Penso che ogni città in cui ho vissuto mi abbia rappresentata per una certa fase della mia vita. Los Angeles è una città affascinante e molto difficile, tuttavia credo che la sua libertà espressiva e la sua creatività rappresentino la maturità e apertura mentale che ho raggiunto a 30 anni.       

A nove anni hai la fortuna di fare un viaggio coast to coast negli USA con la tua famiglia. Quella che era iniziata come un’esperienza triste lontana dai nonni e dai tuoi animali, si è presto tramutata in un’avventura magica. È qui che è iniziato il tuo sogno americano?

Assolutamente sì.

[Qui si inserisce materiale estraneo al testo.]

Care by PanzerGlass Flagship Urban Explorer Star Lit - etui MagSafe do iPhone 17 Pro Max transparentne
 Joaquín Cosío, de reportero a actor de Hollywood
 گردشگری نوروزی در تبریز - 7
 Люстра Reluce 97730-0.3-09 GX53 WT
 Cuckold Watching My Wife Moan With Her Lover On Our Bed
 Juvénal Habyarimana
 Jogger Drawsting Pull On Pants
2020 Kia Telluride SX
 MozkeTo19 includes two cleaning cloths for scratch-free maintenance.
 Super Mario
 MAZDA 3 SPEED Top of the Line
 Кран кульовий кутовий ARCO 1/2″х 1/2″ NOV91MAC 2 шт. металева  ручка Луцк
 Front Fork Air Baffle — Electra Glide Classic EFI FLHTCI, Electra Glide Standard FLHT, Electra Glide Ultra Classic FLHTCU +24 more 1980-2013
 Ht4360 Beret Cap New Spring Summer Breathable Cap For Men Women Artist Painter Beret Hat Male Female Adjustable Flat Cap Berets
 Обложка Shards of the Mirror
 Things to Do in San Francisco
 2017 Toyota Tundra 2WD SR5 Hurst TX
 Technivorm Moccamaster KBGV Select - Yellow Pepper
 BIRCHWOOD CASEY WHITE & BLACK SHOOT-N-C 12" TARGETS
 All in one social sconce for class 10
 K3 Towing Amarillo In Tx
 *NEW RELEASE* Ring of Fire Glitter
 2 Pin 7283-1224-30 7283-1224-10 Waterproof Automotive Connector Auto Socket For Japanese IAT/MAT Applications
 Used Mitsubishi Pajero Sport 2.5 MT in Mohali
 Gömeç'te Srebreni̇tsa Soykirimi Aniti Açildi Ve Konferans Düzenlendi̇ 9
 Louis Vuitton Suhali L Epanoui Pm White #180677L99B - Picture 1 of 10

Era la prima volta che uscivo dal mio paesino e dalla mia comfort-zone e mi sono ritrovata catapultata in una realtà talmente diversa, grande, affascinante, che non sono mai più stata la stessa. Ricordo quando papà mi portò agli Universal Studios nel ’97, e ricordo quella sensazione magica che volevo non finisse mai. Quello che c’è stato dopo nella mia vita è stato tutto dettato dal voler raggiungere nuovamente quella sensazione.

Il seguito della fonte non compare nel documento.